Martha Wetzlaff wird 1900 in einem Dorf in Pommern im „großen Haus“ geboren. Hundert Jahre später findet ihr Urenkel Thomas ein Notizbuch – Marthas Aufzeichnungen. Und nicht nur das. Zahlreiche, nie vorher gesehene Zeichnungen diverser bekannter Künstler die am Bauhaus in Weimar unterrichtet haben – darunter Paul Klee und Wassily Kandinski. Ihr Urenkel beginnt, sich mit Marthas Geschichte zu beschäftigen: wer war sie und wie kam sie in den Besitz dieses Notizbuches?

Marthas Geschichte ist zweifellos eine aufregende. Als Tochter eines Musikdirektors wächst sie mit der Musik auf. Immer an ihrer Seite sind ihr verstorbener Bruder „Heinzchen“ und Wolfgang, ein Freund der Familie und ebenfalls Musiker. Doch Martha scheint das Talent für Musik nicht geerbt zu haben. Wenn sie Geige spielt, klingt es nicht wie bei anderen. Doch sie sieht die Musik vor sich. Und so beschließt sie schließlich, nach Weimar ans „Bauhaus“ zu gehen, um dort zu studieren und ihr Talent zu entdecken. Dort landet sie bei Walter Gropius, der damalige Leiter. Zahlreiche weitere Künstler kommen ans Bauhaus um dort zu unterrichten. Über viele Umwege entdeckt sie schlussendlich den Tanz für sich.

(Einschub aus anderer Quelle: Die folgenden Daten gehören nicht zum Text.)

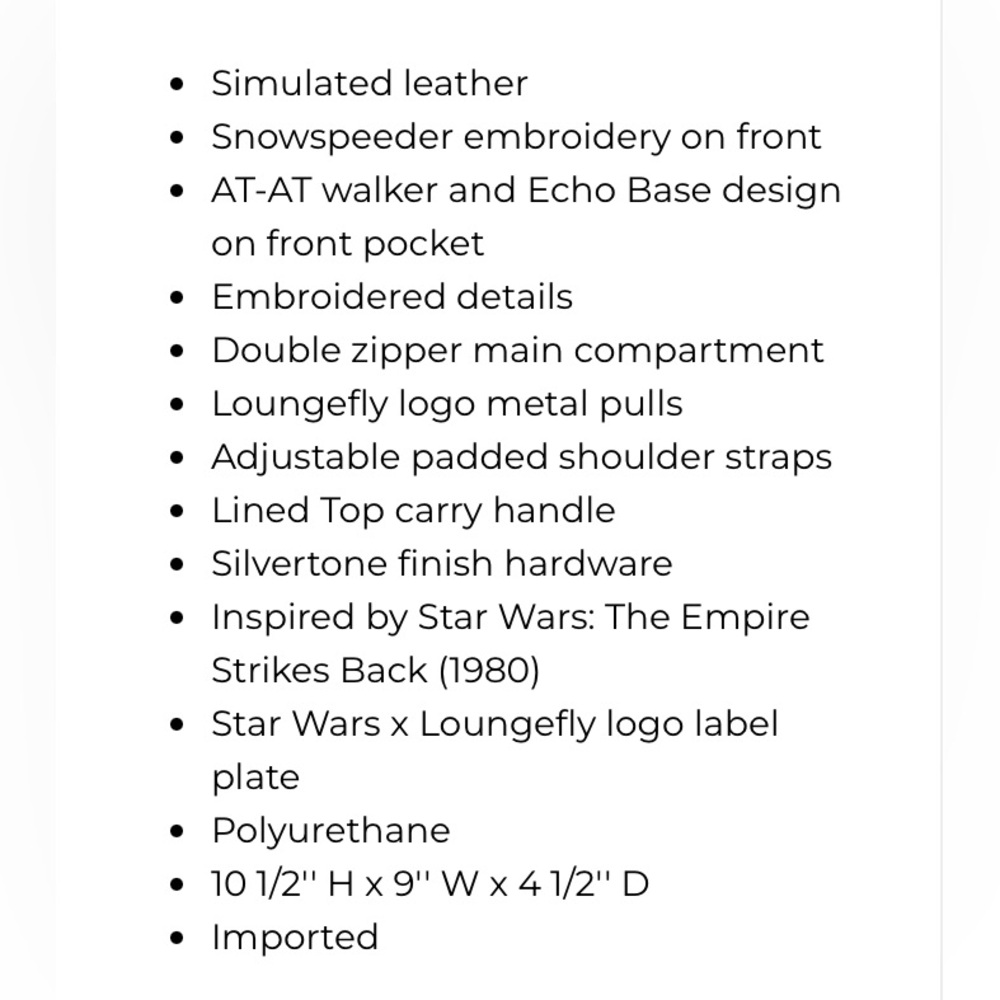 New with Tags! 2025 Star Wars Loungefly Hoth Blue Mini Backpack - Picture 8 of 8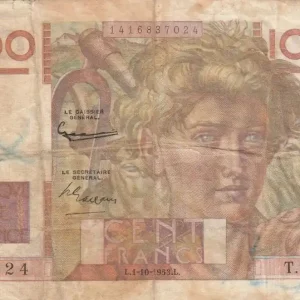 Billet France 100 Francs Paysan - 01-10-1953 - Série T.567 Nouveauté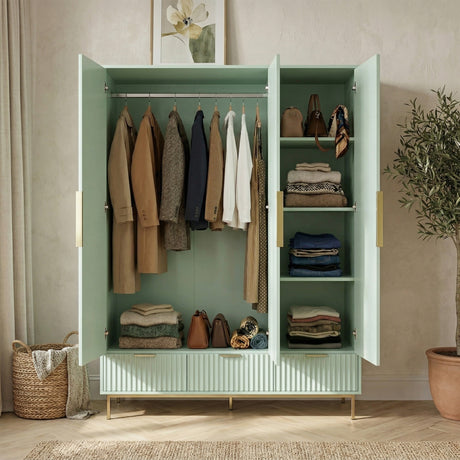 [Sage Green ] Flutrina 3 door wardrobe open, hanging rail with coats and four right-side shelves holding folded knits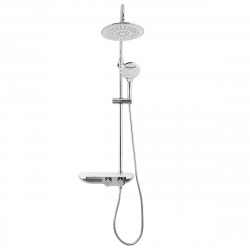 Swiss Aqua Technologies Shower column with 3 spray shower heads, thermostatic mixer, height adjustable bar, Chrome/White (SATSSTKP)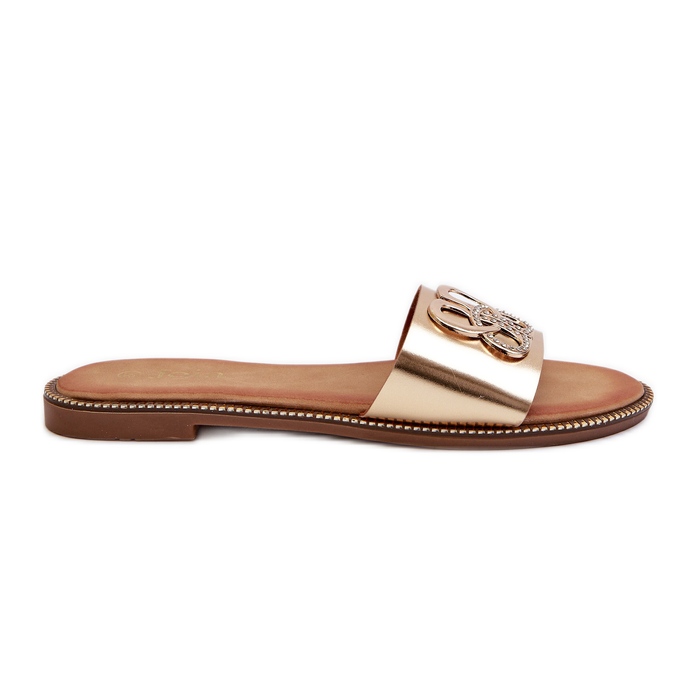 Naisten varvastossut, joissa on ekologinen nahkakoriste tasaisella kantapäällä, kultainen Sadria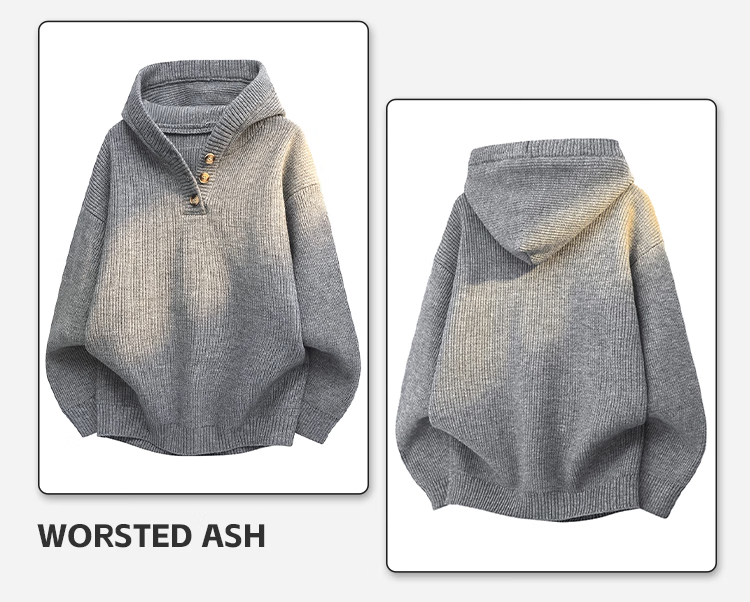 Homlean Japanese Style Casual Knit Sweater Men Autumn Winter Comfortable Hooded Pullover Simple Versatile Sweatshirt HS20 Fine Wool Gray M 7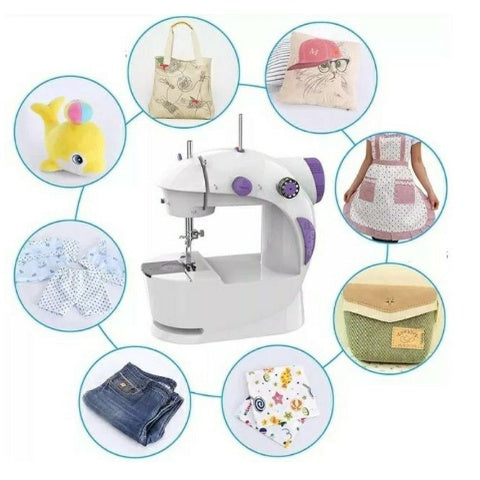 Mini Máquina de Costura Reta Portátil Branca 4 em 1 com Pedal Bivolt [FRETE GRÁTIS]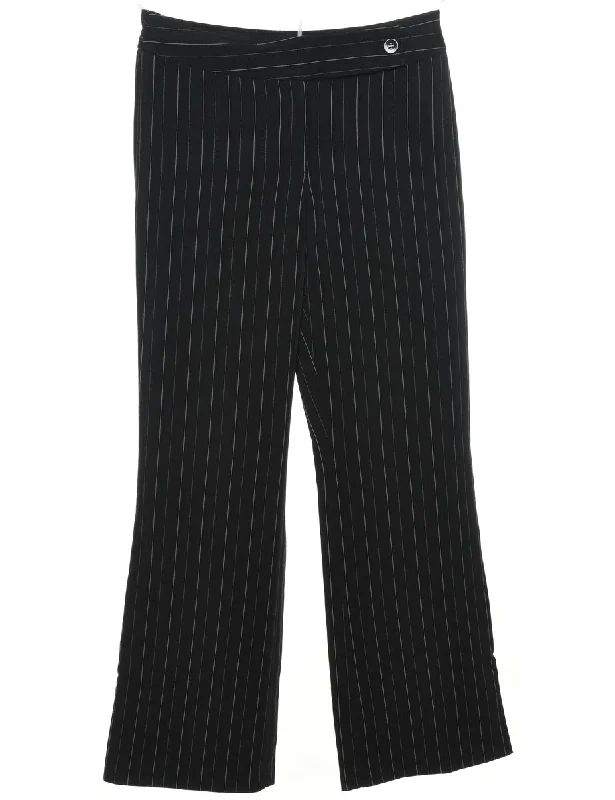 Classic Black Striped Trousers - W30 L30 Casual Women's Loose - fitting
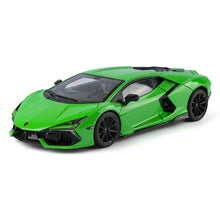 Lamborghini Revuelto V12 hybrid 1:18 die-cast model car in Verde Mantis green — front three-quarter view with hexagonal exhaust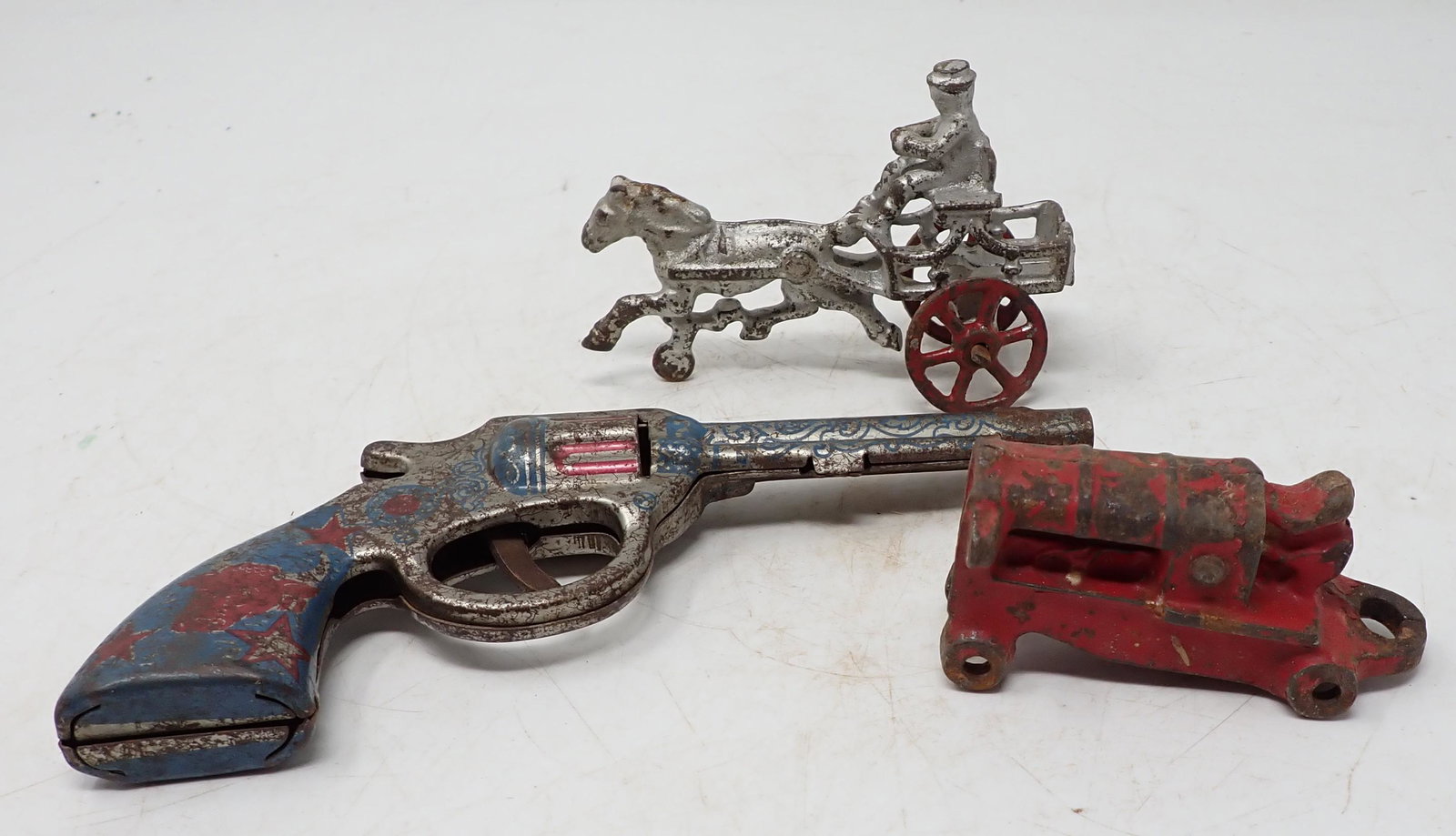 Cast Iron Horse Jockey Tin Gun: Gun is apprx 6 1/2" long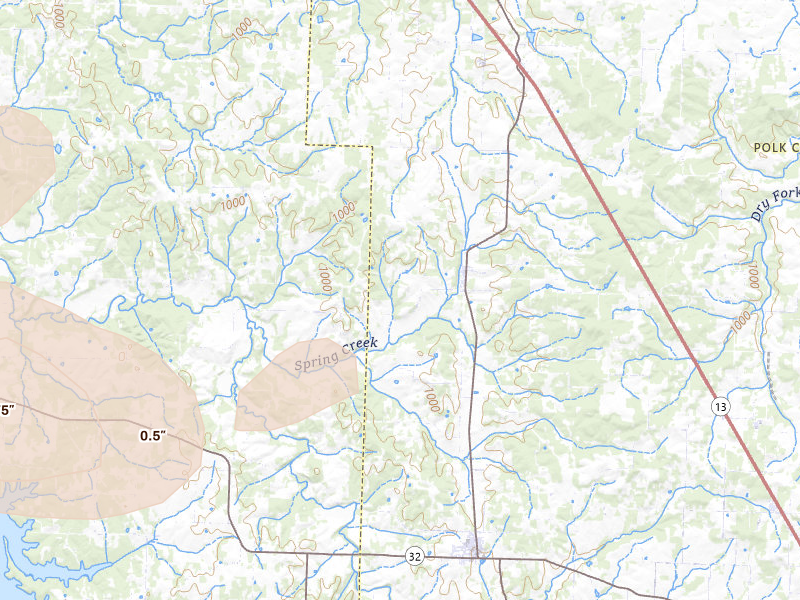 Radar-estimated hail-size map of the storm over Dunnegan, MO on Apr 28, 2026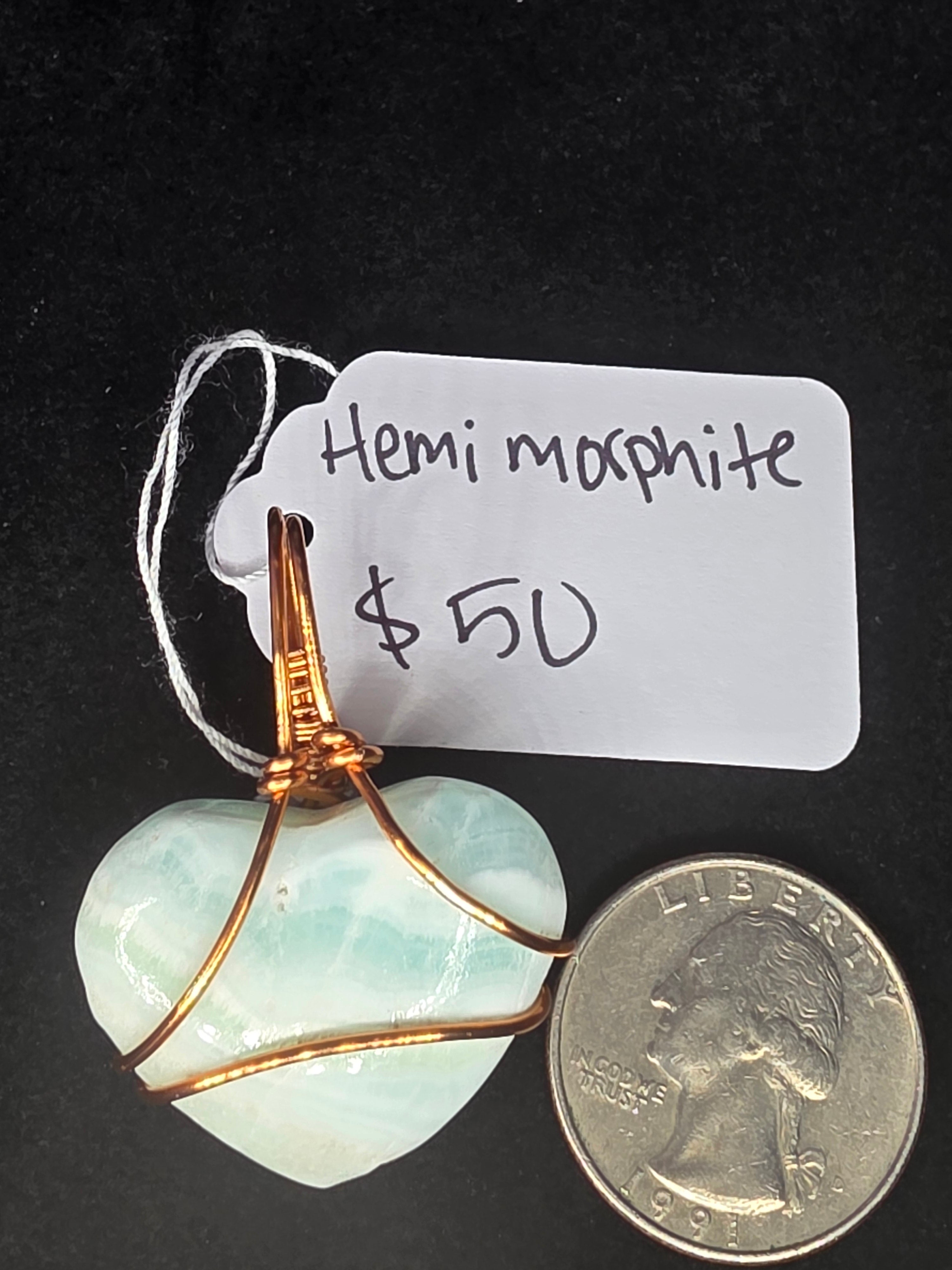 Larger Blue Hemimorphite Heart Pendant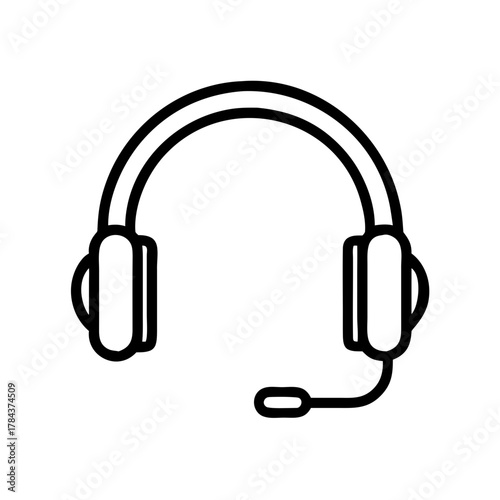 Headset With Microphone Line Icon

Die Geschehnisse in Weimar und auch danach, sowie der zweite Erzählstrang in der „Gegenwart“ (2001) in New York sind sehr packend und auch schlüssig. Saller schafft es, Geschichte, Politik, Kunst und Musik zu einer Geschichte zu verschmelzen. Der Schreibstil ist sehr speziell mit vielen kurzen und klaren Sätzen. Mir hat er sehr gefallen. Besonders schön fand ich, wie plötzlich klar wird, dass Martha die Tänzerin in vielen bekannten Kunstwerken ist (zB Paul Klees „Tänzerin“). Sallers Debütroman ist zweifelsohne ein Meisterwerk, und ich hoffe dass noch viele weitere Romane folgen.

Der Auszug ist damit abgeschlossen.